Maybe k is a power of 2, in which case, it's just one interval or two equal intervals. But in general, you just take the next smaller power of 2. That will cover more than half of the thing, of the interval. And so you have one that's left aligned, one that's right aligned. Together, those will cover everything. And because the min operation has this nifty feature that you can take the min of all these, min of all these, take the min of the 2. You will get the min overall. It doesn't hurt to have duplicate entries. That's kind of an important property of min. It holds for other properties too, like max, but not everything.
Then boom, we've solved RMQ. I think it's clear. You do two queries, take the min of the two-- actually, you have to restore the arg mins. So it's a little more work, but constant time. Cool. That was easy. Leave LCA up there. OK. So we're almost there, right. Just a log factor off. So what technique do we have for shaving log factors?

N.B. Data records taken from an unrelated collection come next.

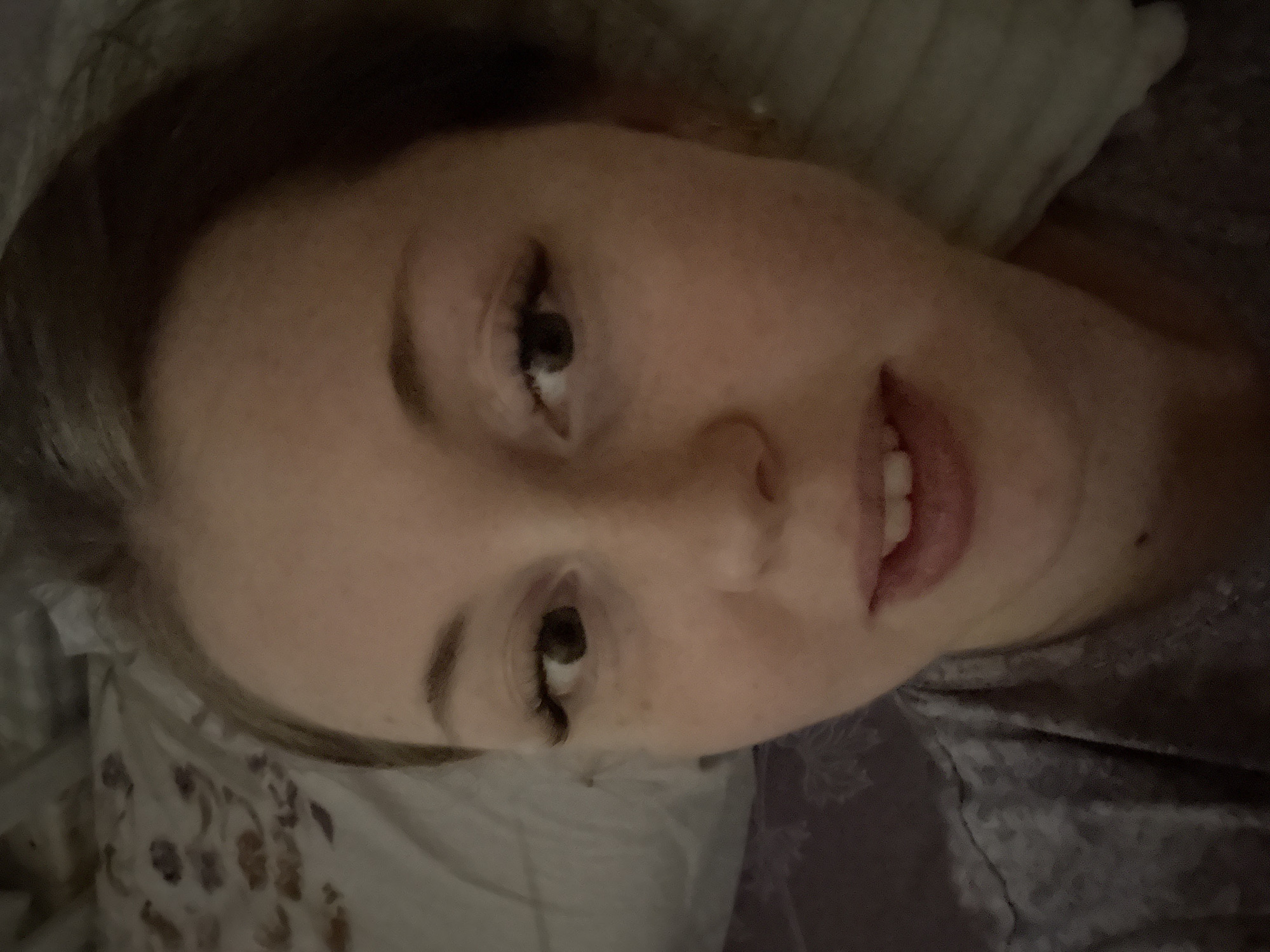 A person is lying down, possibly in a bed, in an unknown location. The person has fair skin, dark eyes, and brown hair. They appear to be looking at the camera. The background includes pillows and fabric.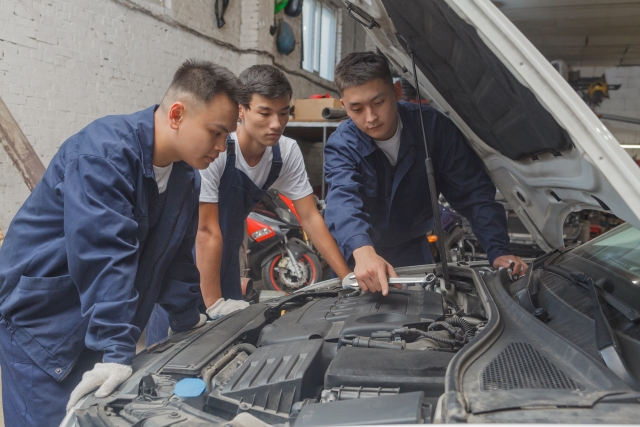 車の整備をする3人の男性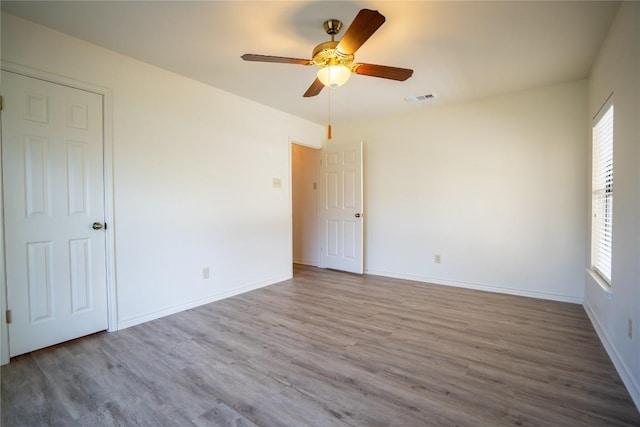 1510 Prather St, Taylor, TX 76574 - empty room with baseboards, wood finished floors, a healthy amount of sunlight, and ceiling fan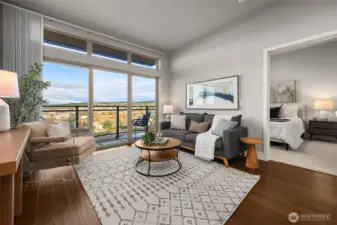 A beautifully staged living room filled with natural light, offering an open, airy feel with plenty of space to relax or entertain. Clean lines, warm tones, and thoughtful design make it feel both comfortable and inviting.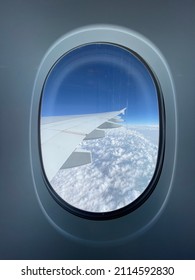 Airplane Window Seat View Above Clouds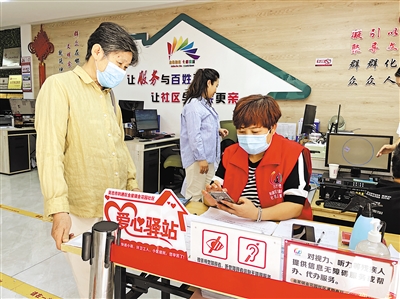 8月31日，社區(qū)工作人員幫助老年居民在手機(jī)上辦理業(yè)務(wù)。      本報(bào)記者 毛雪皎 攝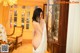 A naked woman standing in front of a mirror in a room.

Indirection, yeah, our good friend indirection. Indirection comes to our rescue yet again, but we won't be done. The idea is, well, want to remove a log factor. Before we removed log factors from time, but there's no real time here, right. Everything's constant time. But we can use indirection to shave a log factor in space, too. Let's just divide. So this is again for RMQ. So I have an array, I'm going to divide the array into groups of size, I believe 1/2 log n would be the right magic number. It's going to be theta log n, but I need a specific constant for step 4.
So what does that mean? I have the first 1/2 log n entries in the array. Then I have the next 1/2 log entries, and then I have the last 1/2 log n entries. OK, that's easy enough. But now I'd like to tie all these structures together. A natural way to do that is with a big structure on top of size, n over log n, I guess with a factor 2 out here. n over 1/2 log n. How do I do that? Well, this is an RMQ problem, so the natural thing to do is just take the min of everything here. So the red here is going to denote taking the min, and take that-- the one item that results by taking the min in that group, and promoting it to the next level.
This is a static thing we do ahead of time. Now if I'm given a query, like say, this interval, what I need to do is first compute the min in this range within a bottom structure. Maybe also compute the min within this range, the last bottom structure, and then these guys are all taken in entirety. So I can just take the corresponding interval up here and that will give me simultaneously the mins of everything below. So now a query is going to be the min of two bottoms and one top.
In other words, I do one top RMQ query for everything between, strictly between the two ends. Then I do a bottom query for the one end, a bottom query for the other end. Take the min of all those values and really, it's the arg min, but. Clear? So it would be constant time if I can do bottom in constant time, if I can do top in constant time. But the big win is that this top structure only has to store n over log n items. So I can afford an n log n space data structure, because the logs cancel.
So I'm going to use structure 2 for the top. That will give me constant time up here, linear space. So all that's left is to solve the bottoms individually. Again, similar kind of structure to [INAUDIBLE]. We have a summary structure and we have the details down below. But the parameters are way out of whack. It's no longer root n, root n. Now these guys are super tiny because we only needed this to be a little bit smaller than n, and then this would work out to linear space.
OK. So step 4 is going to be how do we solve the bottom structures. So step 4. This is where we're going to use technique of lookup tables for bottom groups. This is going to be slightly weird to phrase, because on the one hand, I want to be thinking about an individual group, but my solution is actually going to solve all groups simultaneously, and it's kind of important. But for now, let's just think of one group.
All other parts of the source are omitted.